Because Alace and I are hosting the team and taking care of many logistics, we will hardly have time to reflect upon things during the trip.  However, others in the group are doing a wonderful job at expressing all that the Lord is doing.  Here is a link to one of those links so that you can read stories and see some pictures:

If you're still not convinced, I'll post a portion of that blog here, for you, so that you can get a taste.  Enjoy!

A Grand Reminder

So by now, most who follow this blog will be aware that we have been trying over the last few days to get Pastor Mario’s visa into Equatorial Guinea taken care of, but without much success. Set back after set back hit us—first necessary paperwork, then additional requirements, then processing time. It seemed like it would never get done! Our scheduled departure time (today) was delayed, and we hoped to get his visa today and leave around 5:00am tomorrow (that’s between 5:30 and 5:45 African time). So when we finally received an emailed letter of invitation, we printed it quickly, changed clothes, and rushed to embassy, where we promptly waited for about 2 hours.

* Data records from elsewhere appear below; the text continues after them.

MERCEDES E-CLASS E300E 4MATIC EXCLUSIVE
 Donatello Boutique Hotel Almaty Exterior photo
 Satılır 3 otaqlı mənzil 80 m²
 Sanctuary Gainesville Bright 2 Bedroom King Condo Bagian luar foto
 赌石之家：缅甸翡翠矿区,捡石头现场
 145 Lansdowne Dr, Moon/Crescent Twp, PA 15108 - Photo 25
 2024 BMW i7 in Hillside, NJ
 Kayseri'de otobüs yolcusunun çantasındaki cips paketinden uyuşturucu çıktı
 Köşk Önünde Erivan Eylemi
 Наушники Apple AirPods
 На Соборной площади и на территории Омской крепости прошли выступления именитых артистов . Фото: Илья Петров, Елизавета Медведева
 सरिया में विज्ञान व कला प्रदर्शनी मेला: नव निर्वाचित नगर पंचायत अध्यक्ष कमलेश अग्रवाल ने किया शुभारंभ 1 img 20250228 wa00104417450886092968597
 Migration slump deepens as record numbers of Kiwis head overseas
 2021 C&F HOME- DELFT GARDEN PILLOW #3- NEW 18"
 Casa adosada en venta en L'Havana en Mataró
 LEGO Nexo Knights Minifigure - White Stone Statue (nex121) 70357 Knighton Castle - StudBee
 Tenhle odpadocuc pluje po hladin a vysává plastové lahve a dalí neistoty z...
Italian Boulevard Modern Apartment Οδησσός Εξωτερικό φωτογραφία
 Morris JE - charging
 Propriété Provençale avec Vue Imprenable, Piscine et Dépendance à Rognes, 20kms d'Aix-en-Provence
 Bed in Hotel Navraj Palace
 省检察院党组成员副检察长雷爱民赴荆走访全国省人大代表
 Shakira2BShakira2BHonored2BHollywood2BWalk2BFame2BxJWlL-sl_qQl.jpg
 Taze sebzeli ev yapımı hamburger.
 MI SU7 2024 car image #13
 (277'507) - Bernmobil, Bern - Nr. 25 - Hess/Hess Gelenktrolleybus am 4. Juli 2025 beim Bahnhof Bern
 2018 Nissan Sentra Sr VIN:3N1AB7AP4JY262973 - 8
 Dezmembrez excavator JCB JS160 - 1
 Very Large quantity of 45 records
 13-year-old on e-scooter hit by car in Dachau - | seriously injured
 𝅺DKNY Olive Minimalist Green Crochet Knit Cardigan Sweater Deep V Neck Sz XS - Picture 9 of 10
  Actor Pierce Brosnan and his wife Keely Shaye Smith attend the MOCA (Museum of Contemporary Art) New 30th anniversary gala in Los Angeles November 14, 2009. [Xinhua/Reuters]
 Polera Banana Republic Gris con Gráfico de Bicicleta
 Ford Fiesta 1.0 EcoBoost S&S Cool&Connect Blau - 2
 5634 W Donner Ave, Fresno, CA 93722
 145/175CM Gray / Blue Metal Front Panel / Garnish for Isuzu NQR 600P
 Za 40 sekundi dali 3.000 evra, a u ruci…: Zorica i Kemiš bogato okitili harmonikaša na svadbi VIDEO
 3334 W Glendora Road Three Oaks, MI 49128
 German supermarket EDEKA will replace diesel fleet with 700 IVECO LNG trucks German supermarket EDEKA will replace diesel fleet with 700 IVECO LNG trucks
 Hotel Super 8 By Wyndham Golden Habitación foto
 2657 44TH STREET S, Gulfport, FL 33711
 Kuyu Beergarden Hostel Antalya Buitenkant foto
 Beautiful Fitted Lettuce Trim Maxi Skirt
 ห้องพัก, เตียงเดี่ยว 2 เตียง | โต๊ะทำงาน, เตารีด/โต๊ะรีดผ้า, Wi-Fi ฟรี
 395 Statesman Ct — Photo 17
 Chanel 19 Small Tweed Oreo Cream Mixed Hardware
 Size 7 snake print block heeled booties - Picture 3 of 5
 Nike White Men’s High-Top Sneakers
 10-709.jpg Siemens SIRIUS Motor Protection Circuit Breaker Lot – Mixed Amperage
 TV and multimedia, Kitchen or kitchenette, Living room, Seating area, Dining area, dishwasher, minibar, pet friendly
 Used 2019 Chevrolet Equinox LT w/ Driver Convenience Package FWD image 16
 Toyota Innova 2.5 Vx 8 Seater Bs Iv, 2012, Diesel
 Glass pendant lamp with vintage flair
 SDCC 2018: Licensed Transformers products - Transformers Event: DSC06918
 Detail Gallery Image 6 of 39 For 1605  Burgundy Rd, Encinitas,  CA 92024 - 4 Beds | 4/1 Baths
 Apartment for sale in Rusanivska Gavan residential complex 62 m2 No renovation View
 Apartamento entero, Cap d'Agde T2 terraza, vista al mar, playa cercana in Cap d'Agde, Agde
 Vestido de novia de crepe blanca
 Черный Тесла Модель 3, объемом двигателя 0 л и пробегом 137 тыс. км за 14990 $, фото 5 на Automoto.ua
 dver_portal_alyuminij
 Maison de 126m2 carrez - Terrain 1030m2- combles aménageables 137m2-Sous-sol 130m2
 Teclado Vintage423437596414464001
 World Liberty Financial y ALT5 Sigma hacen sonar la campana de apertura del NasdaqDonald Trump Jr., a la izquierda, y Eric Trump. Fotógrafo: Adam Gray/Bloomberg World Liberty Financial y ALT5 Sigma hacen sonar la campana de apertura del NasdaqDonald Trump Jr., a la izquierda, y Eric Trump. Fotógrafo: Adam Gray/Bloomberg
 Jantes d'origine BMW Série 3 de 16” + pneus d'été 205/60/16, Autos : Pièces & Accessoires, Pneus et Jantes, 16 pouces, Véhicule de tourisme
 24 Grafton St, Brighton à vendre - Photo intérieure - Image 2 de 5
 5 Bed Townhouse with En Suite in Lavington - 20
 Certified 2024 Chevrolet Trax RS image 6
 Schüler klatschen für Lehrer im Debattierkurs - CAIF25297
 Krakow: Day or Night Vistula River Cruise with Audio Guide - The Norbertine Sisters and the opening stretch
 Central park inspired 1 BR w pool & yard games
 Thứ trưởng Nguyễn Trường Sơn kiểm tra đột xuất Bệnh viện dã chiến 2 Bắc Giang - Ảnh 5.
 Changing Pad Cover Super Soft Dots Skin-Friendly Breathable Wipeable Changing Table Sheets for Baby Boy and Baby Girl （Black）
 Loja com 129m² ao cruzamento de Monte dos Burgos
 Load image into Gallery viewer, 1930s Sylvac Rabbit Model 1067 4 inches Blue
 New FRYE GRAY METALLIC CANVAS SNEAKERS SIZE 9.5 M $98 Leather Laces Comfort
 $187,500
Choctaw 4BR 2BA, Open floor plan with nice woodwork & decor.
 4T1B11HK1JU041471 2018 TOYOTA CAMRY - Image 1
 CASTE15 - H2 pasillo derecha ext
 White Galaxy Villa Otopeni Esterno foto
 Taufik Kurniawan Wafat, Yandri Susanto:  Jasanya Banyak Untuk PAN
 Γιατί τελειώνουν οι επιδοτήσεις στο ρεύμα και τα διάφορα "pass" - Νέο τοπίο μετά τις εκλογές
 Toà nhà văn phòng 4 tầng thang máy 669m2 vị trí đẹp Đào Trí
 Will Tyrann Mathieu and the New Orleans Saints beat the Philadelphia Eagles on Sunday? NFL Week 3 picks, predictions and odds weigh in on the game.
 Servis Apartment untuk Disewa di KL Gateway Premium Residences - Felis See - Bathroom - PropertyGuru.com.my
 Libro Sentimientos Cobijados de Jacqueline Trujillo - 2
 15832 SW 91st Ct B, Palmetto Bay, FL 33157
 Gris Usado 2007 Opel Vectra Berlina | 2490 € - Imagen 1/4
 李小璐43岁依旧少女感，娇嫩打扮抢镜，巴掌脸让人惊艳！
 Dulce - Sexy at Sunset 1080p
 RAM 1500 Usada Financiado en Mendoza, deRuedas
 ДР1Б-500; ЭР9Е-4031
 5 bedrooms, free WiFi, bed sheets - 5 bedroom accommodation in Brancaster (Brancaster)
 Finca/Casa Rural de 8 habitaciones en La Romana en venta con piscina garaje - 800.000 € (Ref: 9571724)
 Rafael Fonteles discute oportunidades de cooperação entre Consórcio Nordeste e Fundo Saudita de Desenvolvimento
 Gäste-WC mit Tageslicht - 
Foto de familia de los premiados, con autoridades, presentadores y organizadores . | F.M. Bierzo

Finally, a man who seemed to be in charge came out, shook hands with each of us (including poor Tia, who unknowingly chose to come along for the ride and was now stuck sitting in a hot and sticky African embassy for several hours), and looked at our paperwork. He seemed to be quite impressed. In fact, so much so that he immediately took our letter over to another group of people who were waiting across the room and explained that this was a great example of what they needed to do in order to get a visa into the country! He returned to us, took payment for the visa, spoke with Steve for a few minutes (my broken French got lost somewhere in the middle of that conversation, so I’m not sure exactly what they talked about… I was thinking Steve said something about politics and the man said something about bananas when I realized that I really had no idea what was going on), and then he disappeared behind a curtain in the corner.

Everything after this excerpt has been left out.